[Saved entries]
___
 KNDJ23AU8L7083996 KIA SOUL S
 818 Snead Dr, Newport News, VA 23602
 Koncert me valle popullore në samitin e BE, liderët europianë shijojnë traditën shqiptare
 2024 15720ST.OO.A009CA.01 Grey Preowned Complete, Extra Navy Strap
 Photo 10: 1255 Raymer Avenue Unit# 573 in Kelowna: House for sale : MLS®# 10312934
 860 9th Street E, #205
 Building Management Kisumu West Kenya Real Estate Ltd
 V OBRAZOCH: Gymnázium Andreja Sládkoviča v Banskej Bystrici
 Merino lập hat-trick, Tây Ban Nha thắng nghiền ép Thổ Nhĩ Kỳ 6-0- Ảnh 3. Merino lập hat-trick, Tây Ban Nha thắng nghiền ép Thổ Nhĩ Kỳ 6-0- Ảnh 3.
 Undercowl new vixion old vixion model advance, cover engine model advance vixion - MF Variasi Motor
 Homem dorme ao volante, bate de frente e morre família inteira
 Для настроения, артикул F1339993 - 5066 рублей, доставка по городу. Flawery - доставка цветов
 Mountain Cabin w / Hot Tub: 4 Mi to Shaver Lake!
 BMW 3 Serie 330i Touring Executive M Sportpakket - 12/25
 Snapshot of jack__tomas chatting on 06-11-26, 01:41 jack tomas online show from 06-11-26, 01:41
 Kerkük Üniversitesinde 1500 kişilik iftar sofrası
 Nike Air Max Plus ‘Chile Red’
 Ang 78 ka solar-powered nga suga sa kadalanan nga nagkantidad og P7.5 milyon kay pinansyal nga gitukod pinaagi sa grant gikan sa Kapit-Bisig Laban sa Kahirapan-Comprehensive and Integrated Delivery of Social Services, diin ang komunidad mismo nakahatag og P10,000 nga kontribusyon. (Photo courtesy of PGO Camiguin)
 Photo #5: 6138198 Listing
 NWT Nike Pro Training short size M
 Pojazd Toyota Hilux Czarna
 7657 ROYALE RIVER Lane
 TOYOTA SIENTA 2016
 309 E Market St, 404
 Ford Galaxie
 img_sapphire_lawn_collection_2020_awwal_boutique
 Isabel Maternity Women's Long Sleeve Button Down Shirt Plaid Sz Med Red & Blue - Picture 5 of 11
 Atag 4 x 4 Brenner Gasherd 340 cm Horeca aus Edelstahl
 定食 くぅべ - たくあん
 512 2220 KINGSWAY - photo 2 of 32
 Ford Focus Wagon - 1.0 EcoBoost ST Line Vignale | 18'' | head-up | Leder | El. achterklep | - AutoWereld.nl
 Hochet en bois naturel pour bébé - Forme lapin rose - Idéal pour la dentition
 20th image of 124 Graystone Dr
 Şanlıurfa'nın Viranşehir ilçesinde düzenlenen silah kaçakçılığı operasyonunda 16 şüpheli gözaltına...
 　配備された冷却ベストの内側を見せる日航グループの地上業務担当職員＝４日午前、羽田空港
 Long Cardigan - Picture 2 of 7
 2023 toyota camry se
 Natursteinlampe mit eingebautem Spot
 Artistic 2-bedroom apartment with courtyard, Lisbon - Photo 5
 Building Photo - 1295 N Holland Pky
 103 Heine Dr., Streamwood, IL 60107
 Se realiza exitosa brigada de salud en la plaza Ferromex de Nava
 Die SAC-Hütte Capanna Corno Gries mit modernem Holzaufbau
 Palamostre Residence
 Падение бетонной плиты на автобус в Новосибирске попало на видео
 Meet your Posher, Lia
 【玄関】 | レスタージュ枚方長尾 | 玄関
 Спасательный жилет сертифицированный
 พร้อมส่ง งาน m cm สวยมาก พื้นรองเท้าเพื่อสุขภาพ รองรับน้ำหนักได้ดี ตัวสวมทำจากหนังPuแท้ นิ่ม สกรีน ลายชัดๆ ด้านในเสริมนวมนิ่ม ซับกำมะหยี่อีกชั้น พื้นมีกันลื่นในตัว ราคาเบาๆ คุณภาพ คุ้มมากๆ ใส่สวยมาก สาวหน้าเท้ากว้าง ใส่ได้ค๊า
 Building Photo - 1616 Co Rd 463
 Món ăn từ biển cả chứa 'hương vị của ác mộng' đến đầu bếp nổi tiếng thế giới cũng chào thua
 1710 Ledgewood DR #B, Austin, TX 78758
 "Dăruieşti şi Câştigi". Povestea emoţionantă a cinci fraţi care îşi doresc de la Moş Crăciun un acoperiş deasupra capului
___
Line by line, check the data above for the word "Long" and state how many lines contain it. Give only the number.

Reply to the exercise —
2